I have a love/hate relationship with Facebook. I love that we can get and post information on an up-to-the-minute basis regarding accident scenes, weather and basic travel information. I love being able to have open conversations with people from across the world about trucking. I love the community we’ve built on our page — there are people we talk to and meet in person that we’d never have been able to without social media.
What ruins the whole thing are the trolls. Trolls are the reason we can’t have nice things on the Facebook. I also really dislike when people read one sentence from a post – usually the opener or “teaser” tag for a blog entry – and write copious, detailed comments about how stupid we are, or how stupid the subject matter is, or that they just dislike me in general because rabbits wear yellow hats.

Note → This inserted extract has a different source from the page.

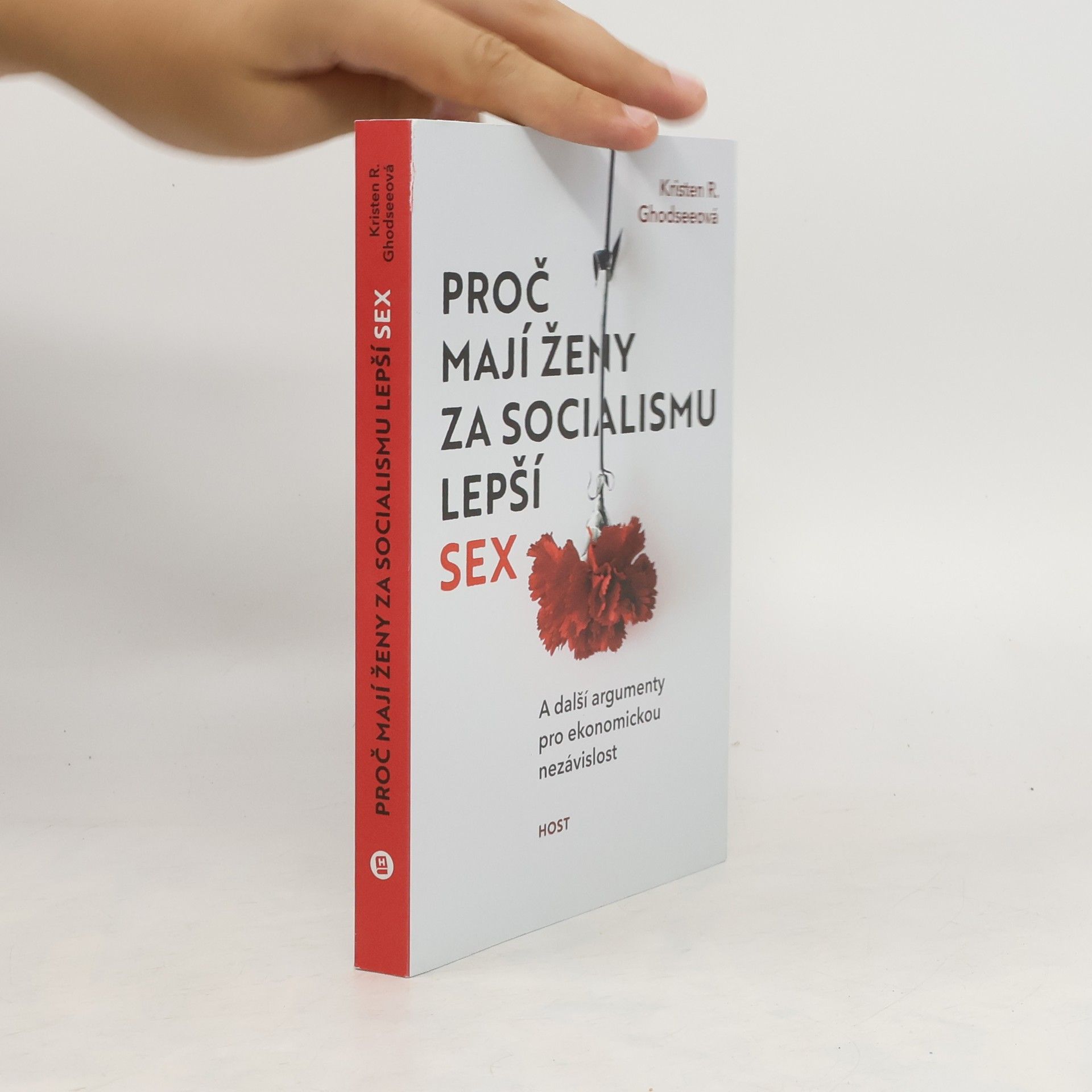 Kristen Ghodsee Proč mají ženy za socialismu lepší sex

It’s for that reason alone that I don’t usually read the comments on 99 percent of trucking Facebook pages, because I don’t feel like digging through the supertrucker crap to get to pertinent information.
I do read pretty much every comment on the George and Wendy page, mostly because the people who participate and comment there are longtime regulars, who generally don’t say anything unless it’s constructive or adds to the conversation. Also, they’re funny. There are some really hilarious truckers out there, and a lot of them seem to congregate on our page.

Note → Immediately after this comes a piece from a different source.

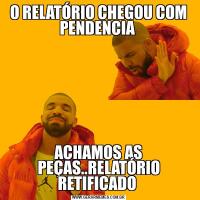 O RELATÓRIO CHEGOU COM PENDENCIA ACHAMOS AS PEÇAS..RELATÓRIO RETIFICADO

George doesn’t read comments much. He usually doesn’t even know which part of his personal life I’ve put in the blog until he reads it on Overdrive. He’s kind of busy driving and sleeping, and generally catches the blog post like everyone else – with the newsletter. He shook his head when he read the post about us having to stop for a 10 an hour from the house.
“The super truckers are going to kill me on that one. I can just hear it now.”
“Actually that ran two days ago and everyone was fairly supportive of your decision. They commiserate with you. Except for the one who said he’d have run the clock down to the last minute and stopped his truck in the road and put his cones out, so he could tell the DOT to kiss his ass, he was out of hours and couldn’t move his truck.”
“Is that right? Well, I’ll have to remember that, it sounds like the best option, for sure.”
“I think they might have been a supertrucker, or participated in a fan club of sorts.”
“Nah. Just a frustrated newbie. I’ve thought about it before, you mature and get over it.”
“Really? Because someone also said you had a ‘slave mentality’ for following the rules.”
“I thought you said people were nice about the comments?”
“Well, except for those, they were pretty supportive…”
“Watch this. I’m going to start pulling out of this space at 29 and a half minutes, because I’m not going to be made to take a 30-minute break! I’m a rebel, baby! Nobody tells me what to do!”
Sometimes, being a supertrucker is hard.